Het is te lang geleden, zeiden mijn ex-schoonzuster Els Stam en ik tegen elkaar.
Dus togen we vanochtend naar de binnenstad, om Sinterklaas te verwelkomen.

Rijendik stonden de kinderen op de kade van de Kuipershaven, het Vlak en de Wolwevershaven.
Hun ouders net zo zenuwachtig als wij.
Daarom waren we ook niet al een uur van te voren gegaan; we zouden veel te lang moeten wachten.
,,Bij de intocht krijg ik zelfs voor de televisie nog tranen in mijn ogen,’’ had Els gezegd.

We konden hem niet zien, maar begrepen dat de man die het aan elkaar stond te praten en te zingen beroepsentertainer is.
,,Gelukkig luisteren kinderen toch anders,’’ zei een man naast ons.
Hij had een kleine Zwarte Piet op zijn schouders en een kleine Sinterklaas op zijn heup.
Haar mijter reikte tot halverwege de wang van haar vader.

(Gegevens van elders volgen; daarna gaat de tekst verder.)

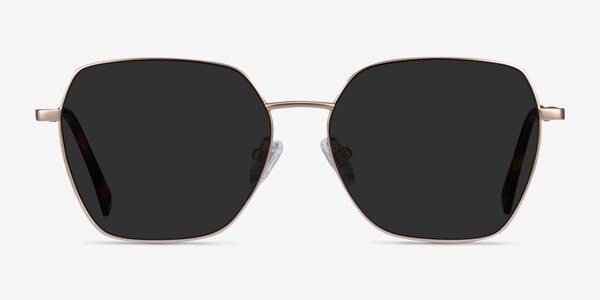 Ginza Gold Metal Sunglass Frames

Wat we ook niet zagen: Zwarte Piet die zijn middelvinger opstak.
Dat vond een omstander wel grappig, want we hoorden hem lachend vertellen dat hij er net een foto van had gemaakt.

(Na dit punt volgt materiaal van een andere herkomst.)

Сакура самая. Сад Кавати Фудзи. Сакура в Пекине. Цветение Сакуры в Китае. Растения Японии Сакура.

,,Sinterklaas!’’, probeerde Els nog.

Thuis hadden we warme chocola en letters van banket.

 

Tante Tonny

10 nov

Zij was de tante bij wie je op de oprit in de auto nog snel je broek voor een rok verwisselde.
Dat was niet alleen ongemakkelijk, je deed het ook met een exclusief schuldgevoel.
Omdat De Mensen het wel eens zouden kunnen zien.
En dat alleen omdat zij geloofde, en de mensen geloofden, dat dat zo moest.

Ze kende haar eigenlijk niet zo goed, maar haar tante hoorde bij ‘de rokken en hoeden’ die we zondag weer langs zagen lopen.
,,Kijk,’’ zei ze, nadat ze net de koffie had ingeschonken. ,,Ik heb haar al jaren niet meer gezien, maar dat was haar soort mensen. Als ik hen zie, denk ik altijd dat ze haar moeten kennen. Ik heb altijd de neiging gehad te zeggen: doe haar mijn hartelijke groeten.’’

Haar tante was een van de vier zussen van haar vader.
Toen ze 80 jaar werd, tien jaar geleden, werd er een groot feest voor haar georganiseerd.
Het ging niet goed met haar, ze raakte ‘de werkelijkheid kwijt’.

Maar ze herkende nog iedereen, ook de neven en de nichten.
,,Die ogen”, zei ze. ,,Die onmiskenbare blik. Dat was mooi.”

Het feest werd gevierd in de kerk waar ze jaren had doorgebracht; haar man was er dominee.
Ze woonden er tegenover, in de pastorie. Hij hoefde op zondagochtend en zondagmiddag alleen maar de stille straat over te steken naar de kansel.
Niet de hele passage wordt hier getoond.